Let’s use the positive angle first:

$$\begin{align*} \theta_1 &= \text{atan2} (y_{end}, x_{end}) – \tfrac{\theta_2}{2}\\ &= \text{atan2} (0.3, 1.71) – \tfrac{1.03904686}{2}\\ &\approx 0.174 – 0.51952343\\ &\approx= -0.346 = -19.82 ^{\circ} \end{align*}$$

then solve using the negative angle:

$$\begin{align*} \theta_1 &= \text{atan2} (y_{end}, x_{end}) – \tfrac{\theta_2}{2}\\ &= \text{atan2} (0.3, 1.71) – \tfrac{-1.03904686}{2}\\ &\approx 0.174 + 0.51952343\\ &\approx= 0.69352343 = 39.74 ^{\circ} \end{align*}$$

Thus, we obtained two valid configuration solutions, one that represents “elbow up” and the other for “elbow down”:

Inverse Kinematics Solvers

Putting IK to use requires us to avoid several caveats such as singularities or switching IK “branches”. For example, we can induce a singularity by traversing a shape like:

We can avoid these, if in our inverse kinematics function we incorporate a simple “angle-distance” check to our last position, allowing for circular overflow. See the Code section for our IK solver.

Inverse Dynamics

Lagrangian

At a high-level, Newtonian mechanics breaks mechanical problems down into forces while Lagrangian methods focuses on energy as its fundamental unit of measure.

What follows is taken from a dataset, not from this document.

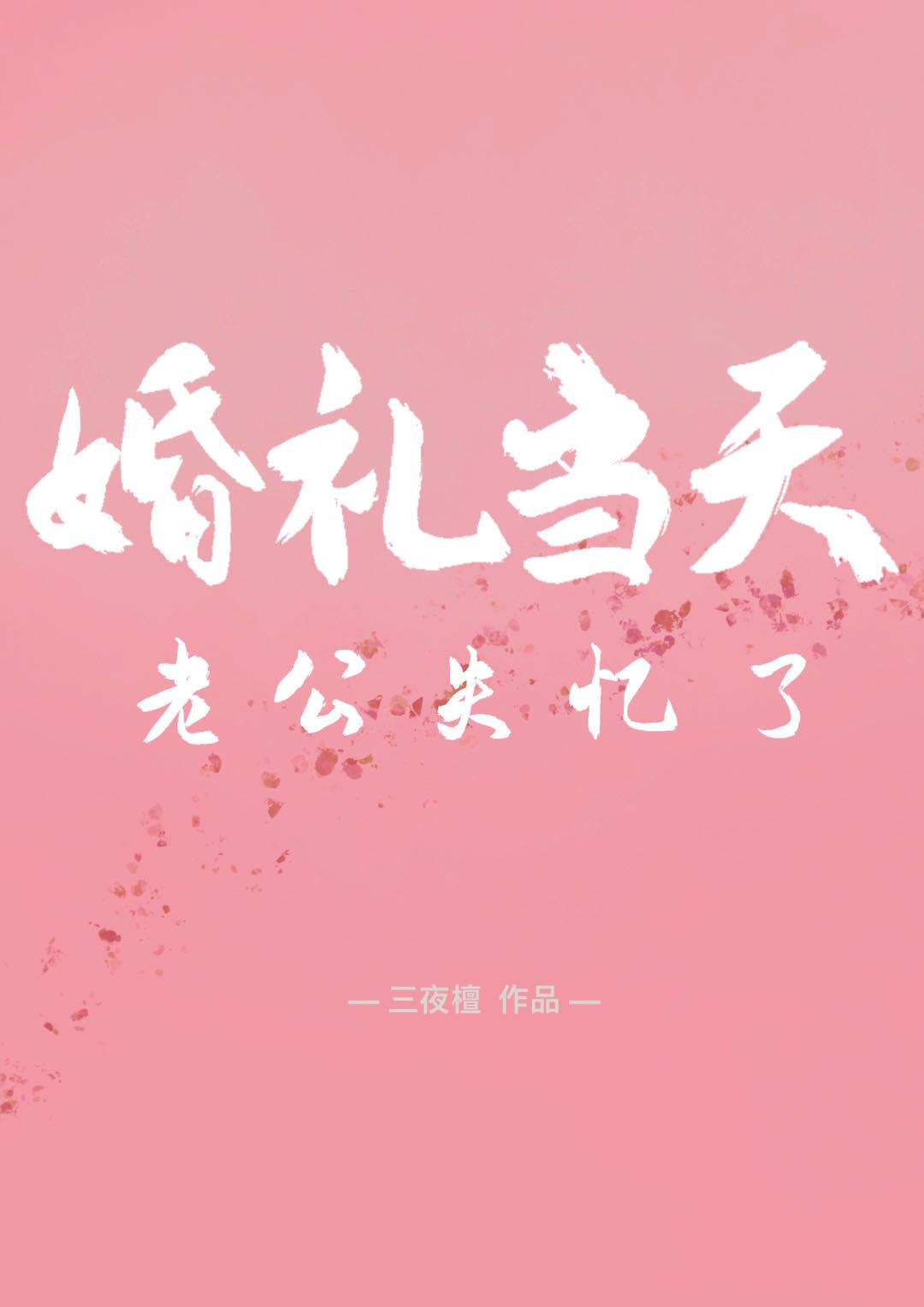 婚礼当天老公失忆了封面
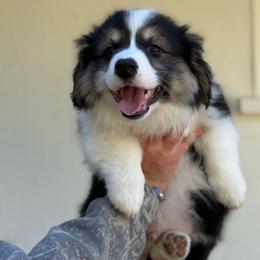 Stitch - Black and tan male Pembroke Welsh Corgi puppy in Vacaville, California from Hope_4thebay_Corgis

The definition of the Lagrangian for a dynamic system is as follows: $$\begin{align*} L &= K – P\\ L &= \text{(kinetic energy)} – \text{(potential energy)} \end{align*}$$

Let us represent the angles, angular velocities, and angular accelerations as vector functions:

$$\begin{align*} \theta(t) = \begin{bmatrix} \theta_1\\\theta_2 \end{bmatrix}(t),\quad \dot{\theta}(t) = \begin{bmatrix} \dot{\theta_1}\\\dot{\theta_2} \end{bmatrix}(t),\quad \ddot{\theta}(t) = \begin{bmatrix} \ddot{\theta_1}\\\ddot{\theta_2} \end{bmatrix}(t) \end{align*}$$

Thus, the kinetic energy depends on the pose and the joints’ velocities while the potential energy (due to gravity) only depends on the pose. And therefore, the Lagrangian is simply a function of the pose and angles’ velocities as well:

$$\begin{align*} L(\theta, \dot{\theta}) &= K(\theta, \dot{\theta}) – P(\theta) \end{align*}$$

To solve for the Lagrangian, we start filling out the equation with known quantities.

Kinetic Energy

To solve for the kinetic energy in the system, we sum the translational and rotational energy for each of the linkage masses (assuming the joints have negligible mass).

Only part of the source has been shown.